66 of 408 comments (clear)

  1. Toys for the rich by ackthpt · · Score: 4, Interesting
    At $6000, what a deal. Just hook that baby up with your Blue Light Special and you'll rule your block with an iron fist.

    Now, if there were only something worth watching on TV... Oh, the TdF is coming up, but usually the resolution is on par with VHS, unless they do something vastly different this year.

    I'm still happy with my 1.3 megapixel 500:1 contrast 17" LCD. Anything wider and I get some weird feeling my head needs to be stretched. Has anyone else noticed something like that? There was something about a big convex display that didn't cause that sort of sensation.

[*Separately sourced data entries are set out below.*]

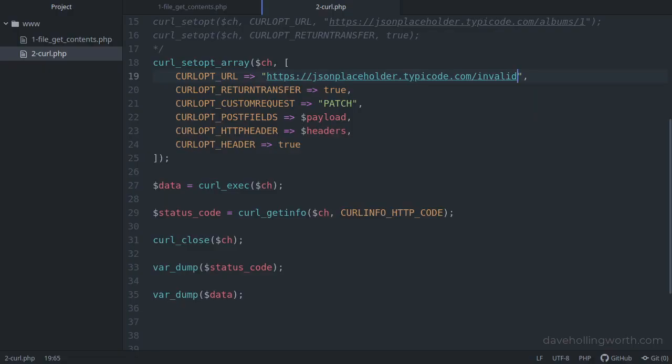cURL is arguably simpler to use than file_get_contents. It's a PHP extension, but in practice every server has it installed. In my experience, cURL is the most common method used for calling an API from PHP.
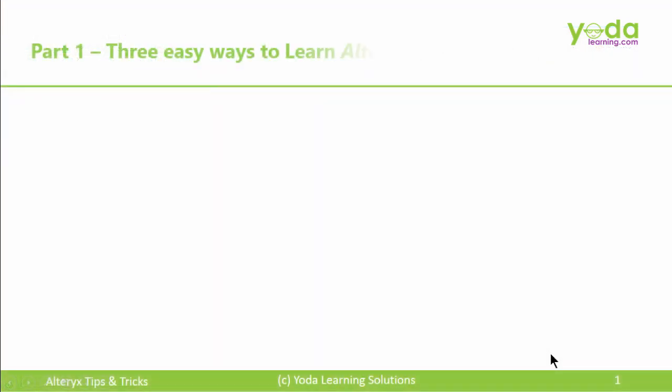So friends, these were the three easy ways to learn Alteryx faster and better.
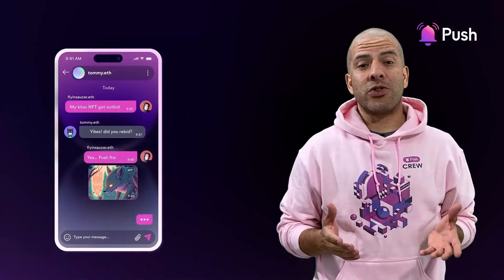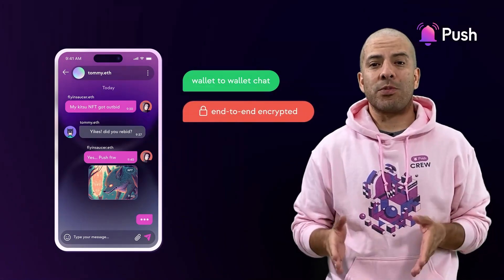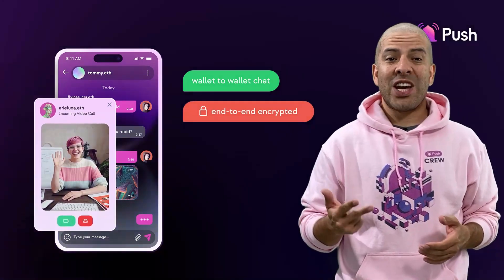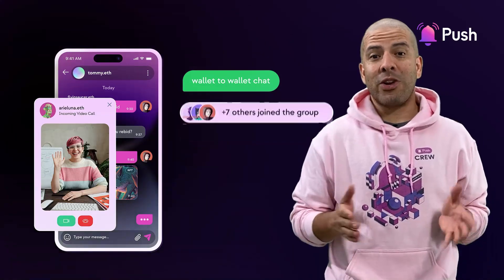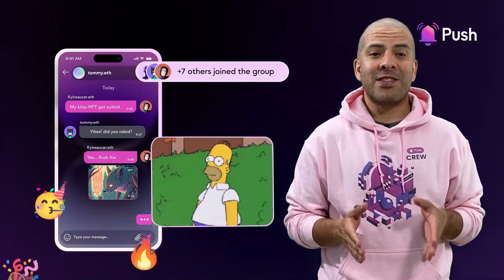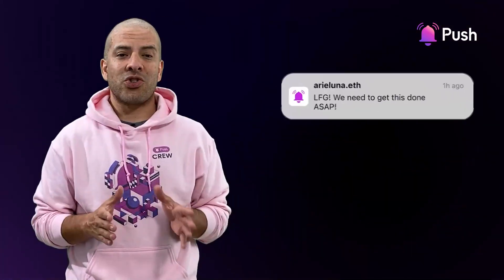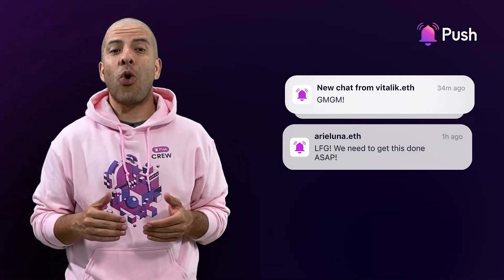PushChat key features include privacy-preserving with end-to-end encryption, text, videos, chat and group messaging. You and your friends can chat over a group and send gifs, memes and all that. PushChat also has native push notification support, bringing the Web3 user experience on par with Web2.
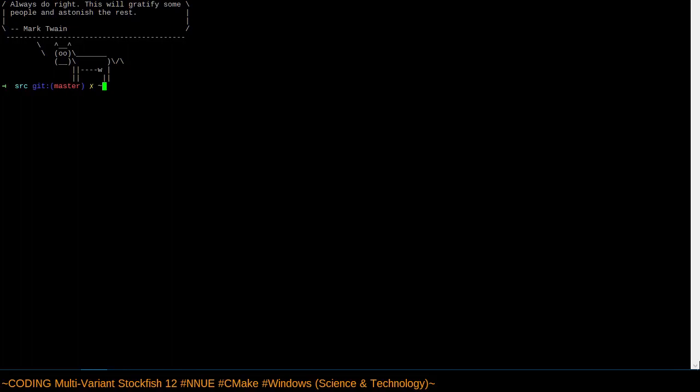Welcome back. So yesterday we observed me attempting to get multivariant Stockfish 12 built for Linux. Today we'll see me try to get it built for Windows.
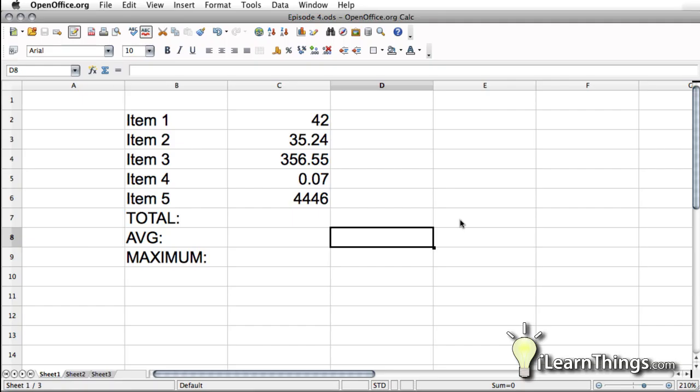Hi, welcome to ILearnThings.com. This is Tony Pelias and we're watching episode number four, Introduction to Functions.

    And that 3840x2400 resolution should give your graphics card a workout trying to render your FPS games at biggie frame rates. At what pixel density do you fail to notice a difference in image quality, anyway? I turned on one pixel on my monitor and can hardly even see it!

    --

    A feeling of having made the same mistake before: Deja Foobar
    1. Re:Toys for the rich by Noose+For+A+Neck · · Score: 5, Funny
      You find anything wider than a 17" display too wide to comfortably view all at once?

      Perhaps you should view your monitor for farther away than 3 inches.

      --

      Software piracy is victimless theft.

    2. Re:Toys for the rich by ackthpt · · Score: 2, Interesting
      I guess it will be 2 years till I see one of these on my desktop.

      But if you worked at some of the places I had, you'd see it on an executive's desktop with amazing speed. It does confound me that budgets can be razor thin, but the person least needy of this sort of thing is the first to "evaluate it." I did graphic and forms designwork on an el-cheapo Dell CRT.

      --

      A feeling of having made the same mistake before: Deja Foobar
    3. Re:Toys for the rich by Solar+Limb · · Score: 2, Insightful

      Interesting you say this. I have an HP L2335 23" LCD, and I find it big to the point where I had to rearrange some of my home office furniture so as to create more space between the keyboard the the LCD. I can only imagine what Apple's 30" and this monster Viewsonic must be like.

    4. Re:Toys for the rich by Mysticalfruit · · Score: 4, Interesting

      It always works this way...

      Those who need never get what those without need recieve...

      We've got sysadmins around here working on 450mhz p2 systems while there are VPs on their 3rd new laptop this year...

      --
      Yes Francis, the world has gone crazy.
    5. Re:Toys for the rich by X_Caffeine · · Score: 5, Insightful

      FPS's? TV? dude: this display isn't made for you.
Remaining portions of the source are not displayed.